Work to be completed: Only the lines that hold "Stock" should be in the answer, each copied from the data below.

Supplied records:
▬▬▬▬▬▬▬▬▬▬

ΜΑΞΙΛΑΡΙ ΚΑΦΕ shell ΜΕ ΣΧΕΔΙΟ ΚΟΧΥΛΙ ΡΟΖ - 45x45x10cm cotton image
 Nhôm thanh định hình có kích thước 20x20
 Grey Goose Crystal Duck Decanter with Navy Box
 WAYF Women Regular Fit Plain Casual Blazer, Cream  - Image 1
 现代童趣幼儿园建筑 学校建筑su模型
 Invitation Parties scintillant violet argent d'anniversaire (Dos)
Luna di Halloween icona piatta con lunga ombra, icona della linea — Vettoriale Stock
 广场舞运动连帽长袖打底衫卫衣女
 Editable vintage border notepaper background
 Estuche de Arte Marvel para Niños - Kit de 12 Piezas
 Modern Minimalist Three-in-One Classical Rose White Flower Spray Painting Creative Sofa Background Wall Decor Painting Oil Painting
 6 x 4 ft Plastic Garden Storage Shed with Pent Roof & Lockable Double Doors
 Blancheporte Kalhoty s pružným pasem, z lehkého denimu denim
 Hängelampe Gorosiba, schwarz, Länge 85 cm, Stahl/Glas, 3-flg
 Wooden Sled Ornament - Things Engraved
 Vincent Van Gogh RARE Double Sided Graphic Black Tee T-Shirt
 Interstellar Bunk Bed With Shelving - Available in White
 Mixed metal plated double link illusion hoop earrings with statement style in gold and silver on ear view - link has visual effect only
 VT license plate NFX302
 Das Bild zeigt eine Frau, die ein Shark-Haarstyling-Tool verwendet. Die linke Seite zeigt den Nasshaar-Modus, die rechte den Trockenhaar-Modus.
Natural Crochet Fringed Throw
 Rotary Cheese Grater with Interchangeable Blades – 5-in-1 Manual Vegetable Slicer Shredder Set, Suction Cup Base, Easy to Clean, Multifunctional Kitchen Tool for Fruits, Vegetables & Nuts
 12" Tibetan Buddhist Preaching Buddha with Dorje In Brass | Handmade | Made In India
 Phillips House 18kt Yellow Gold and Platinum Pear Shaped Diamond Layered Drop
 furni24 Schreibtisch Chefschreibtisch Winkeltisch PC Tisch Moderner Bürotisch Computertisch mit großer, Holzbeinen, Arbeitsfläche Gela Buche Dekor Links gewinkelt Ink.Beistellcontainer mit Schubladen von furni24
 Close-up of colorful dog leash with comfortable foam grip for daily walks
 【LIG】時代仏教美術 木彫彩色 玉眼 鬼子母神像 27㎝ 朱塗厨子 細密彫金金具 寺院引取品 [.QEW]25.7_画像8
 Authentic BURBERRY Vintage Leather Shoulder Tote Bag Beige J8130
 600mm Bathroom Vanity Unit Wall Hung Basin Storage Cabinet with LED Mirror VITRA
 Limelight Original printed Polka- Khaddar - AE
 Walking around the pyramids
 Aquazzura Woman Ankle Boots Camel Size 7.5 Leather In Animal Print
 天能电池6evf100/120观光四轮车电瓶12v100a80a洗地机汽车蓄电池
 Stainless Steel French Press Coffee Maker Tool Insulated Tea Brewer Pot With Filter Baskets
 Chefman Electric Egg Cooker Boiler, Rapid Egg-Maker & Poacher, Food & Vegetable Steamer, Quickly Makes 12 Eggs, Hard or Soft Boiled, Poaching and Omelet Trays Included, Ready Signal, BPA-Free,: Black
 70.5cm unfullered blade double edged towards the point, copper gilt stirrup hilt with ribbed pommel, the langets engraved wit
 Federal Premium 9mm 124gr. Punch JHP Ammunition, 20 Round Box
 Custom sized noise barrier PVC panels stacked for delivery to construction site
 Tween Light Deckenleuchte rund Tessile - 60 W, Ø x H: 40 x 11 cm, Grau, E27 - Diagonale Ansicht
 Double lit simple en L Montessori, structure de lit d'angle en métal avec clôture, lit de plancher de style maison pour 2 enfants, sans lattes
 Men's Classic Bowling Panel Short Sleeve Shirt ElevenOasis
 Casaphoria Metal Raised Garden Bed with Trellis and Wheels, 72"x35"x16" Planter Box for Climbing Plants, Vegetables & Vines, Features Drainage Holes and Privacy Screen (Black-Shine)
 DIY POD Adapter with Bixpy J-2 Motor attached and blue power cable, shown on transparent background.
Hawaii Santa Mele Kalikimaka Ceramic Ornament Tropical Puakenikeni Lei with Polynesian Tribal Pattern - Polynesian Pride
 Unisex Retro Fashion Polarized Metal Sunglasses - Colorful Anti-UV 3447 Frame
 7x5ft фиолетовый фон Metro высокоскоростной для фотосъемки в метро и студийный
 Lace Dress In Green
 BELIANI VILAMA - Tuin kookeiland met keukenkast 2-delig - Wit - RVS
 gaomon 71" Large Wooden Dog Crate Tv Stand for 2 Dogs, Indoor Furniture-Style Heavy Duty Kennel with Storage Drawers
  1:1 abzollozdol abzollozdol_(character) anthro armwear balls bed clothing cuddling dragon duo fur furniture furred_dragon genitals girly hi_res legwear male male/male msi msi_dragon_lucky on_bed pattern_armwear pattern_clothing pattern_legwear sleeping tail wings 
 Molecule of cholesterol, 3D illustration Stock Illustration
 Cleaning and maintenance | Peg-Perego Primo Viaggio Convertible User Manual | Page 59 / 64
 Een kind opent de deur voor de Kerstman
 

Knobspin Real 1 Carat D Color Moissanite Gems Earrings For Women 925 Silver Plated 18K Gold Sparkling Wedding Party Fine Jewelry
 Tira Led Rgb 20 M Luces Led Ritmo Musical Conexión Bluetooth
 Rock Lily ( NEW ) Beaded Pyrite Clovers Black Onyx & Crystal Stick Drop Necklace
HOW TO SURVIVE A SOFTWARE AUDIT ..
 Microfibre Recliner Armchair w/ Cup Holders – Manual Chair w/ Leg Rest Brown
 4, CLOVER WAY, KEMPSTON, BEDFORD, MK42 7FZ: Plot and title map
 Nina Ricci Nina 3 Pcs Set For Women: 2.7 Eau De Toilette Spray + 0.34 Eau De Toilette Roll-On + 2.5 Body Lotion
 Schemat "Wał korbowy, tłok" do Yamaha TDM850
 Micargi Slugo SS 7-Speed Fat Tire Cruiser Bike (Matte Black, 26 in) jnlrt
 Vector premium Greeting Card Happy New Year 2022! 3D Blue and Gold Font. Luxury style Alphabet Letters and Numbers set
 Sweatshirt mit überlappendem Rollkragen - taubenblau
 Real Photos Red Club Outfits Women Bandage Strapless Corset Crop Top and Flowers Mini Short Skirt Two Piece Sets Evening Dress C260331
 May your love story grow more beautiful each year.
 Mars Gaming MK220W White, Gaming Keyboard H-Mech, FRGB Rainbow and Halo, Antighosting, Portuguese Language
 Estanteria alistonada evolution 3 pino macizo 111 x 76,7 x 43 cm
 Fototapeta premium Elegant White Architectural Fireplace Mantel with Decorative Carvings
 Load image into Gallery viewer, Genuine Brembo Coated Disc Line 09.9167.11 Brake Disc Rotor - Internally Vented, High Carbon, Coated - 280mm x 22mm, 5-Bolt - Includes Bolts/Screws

▬▬▬▬▬▬▬▬▬▬

Output of the exercise:
Luna di Halloween icona piatta con lunga ombra, icona della linea — Vettoriale Stock
 Molecule of cholesterol, 3D illustration Stock Illustration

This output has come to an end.